The remainder of this article is organized as follows. Section 2 briefly summarizes previous studies related to this article. In Section 3, we describe the experimental configurations of deep learning workloads to investigate the performance effect of container platforms. Section 4 analyzes the event traces captured and discusses their implications. In Section 5, we introduce our solution to cope with the performance bottleneck of containerized deep learning. Finally, Section 6 concludes this article.

2. Related Work

In this section, we briefly summarize previous research on deep learning workload characterization and container-based systems. We also review techniques proposed to improve the performance of such systems.

Recently, research has been conducted to characterize deep learning workloads in terms of reference patterns and resource usage. Park et al. comprehensively analyze memory reference patterns for neural network workloads and observe that they are significantly different from traditional workloads [19]. In particular, their analysis shows that the heap and data regions account for most memory references in deep learning workloads, but the memory reference bias is weaker than in traditional workloads, especially for write operations.

Berral et al. explored resource usage characteristics of containers used to train deep learning models [12]. They identify recurring patterns and similarities across containers and suggest the potential to optimize resource allocation in a dedicated deep-learning cluster. Specifically, they utilize clustering techniques and conditional restricted Boltzmann machines to discover action steps during deep learning training. They also optimize resource allocation by dynamically adjusting container resources based on phase-specific statistical information. However, their approach only addresses resource allocation and overlooks communication considerations. Also, their methods are only effective for deep learning workloads with repetitive resource usage patterns and require sufficient historical data and clustering training.

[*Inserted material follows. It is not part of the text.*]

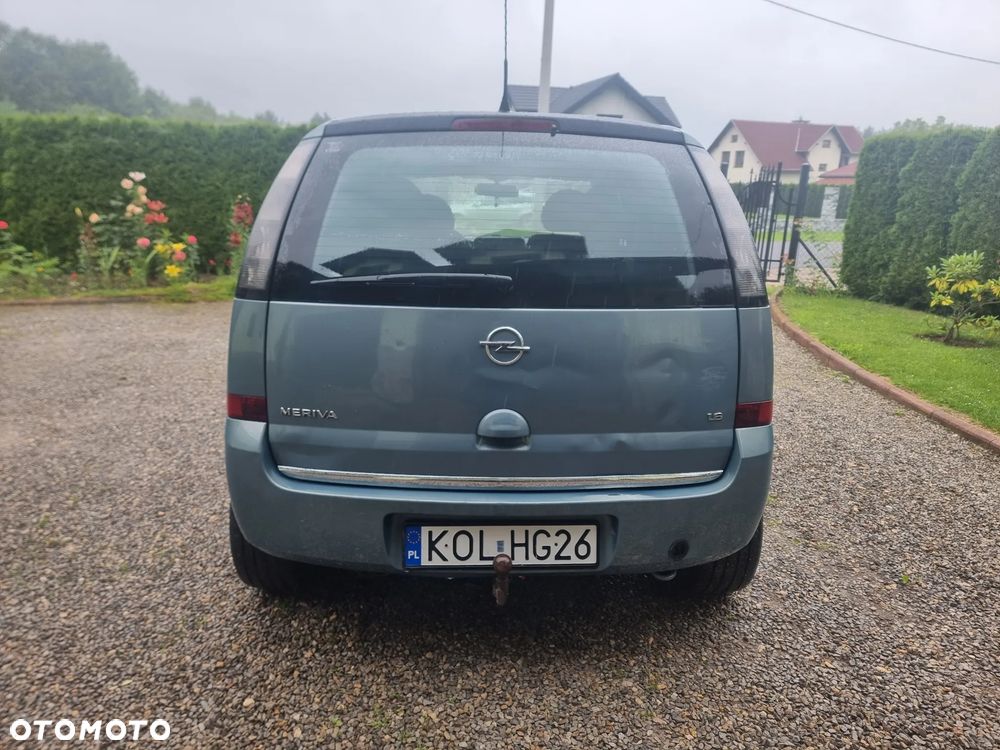 Opel Meriva - 25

Xu et al. investigated the effectiveness of Docker containers as a means to simplify the deployment and management of deep learning workloads [20]. In particular, they evaluate the impact of Docker containers on the performance of deep learning workloads. Their findings indicate that both CPU- and GPU-intensive tasks exhibit minimal overhead when running inside Docker containers. This means that Docker containers can be used for deep learning workloads without significant performance degradation. However, it is important to note that their study only evaluates the performance of Docker containers on specific hardware types, so different hardware configurations are likely to produce different performance results. As a result, further research is needed to evaluate Docker container performance across different hardware types and deep learning frameworks [20].

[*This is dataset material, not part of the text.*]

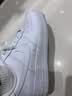 耐克NIKE女空军一号AF1 运动鞋DD8959-100白38.5 实拍图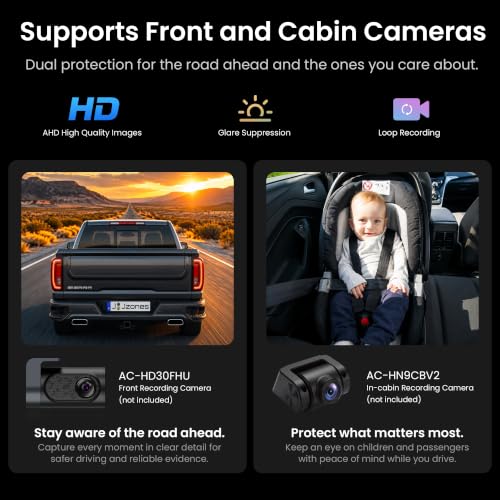 S8 Gen4 10.1" Android Car Stereo for Toyota Tacoma 2016 (10.1")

Bae et al. investigated the performance of Intel-Caffe, a distributed deep learning framework, on the Nurion supercomputers. Specifically, they focus on identifying the file I/O factors that affect the performance of Intel-Caffe in a container-based environment [21]. They observed that although the training phase of deep learning in a container-based environment has minimal overhead, page cache has a significant impact on the performance of deep learning frameworks.

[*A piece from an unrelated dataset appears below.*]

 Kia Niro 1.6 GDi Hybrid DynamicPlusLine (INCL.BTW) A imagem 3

Janecek et al. analyzed container workload characteristics by collecting system trace data from host systems [22]. Specifically, they classified containers based on their resource usage and behavior and identified idle containers in order to efficiently manage container clusters. However, their experiments use benchmarking tools to generate test data, which may not be representative of real AI workloads.

Zhang et al. explored resource consumption of containerized workloads on edge servers, with a particular focus on CPU resources, which are heavily consumed by container management and inter-container communication by daemon processes [23]. They present custom containers to improve CPU efficiency and evaluate the effectiveness of the algorithm based on specific metrics such as inter-container transfers, number of container starts, and application execution duration. Since their research focuses on CPU resources for network communication, additional considerations will be needed for deep learning workloads, where memory is another important bottleneck.

Avino et al. also performed a similar analysis to quantify the overhead of containerization in edge environments [10]. They showed that containerization incurs small CPU overhead without affecting the data processing of each container. However, their target workload is multimedia streaming and is not related to deep learning.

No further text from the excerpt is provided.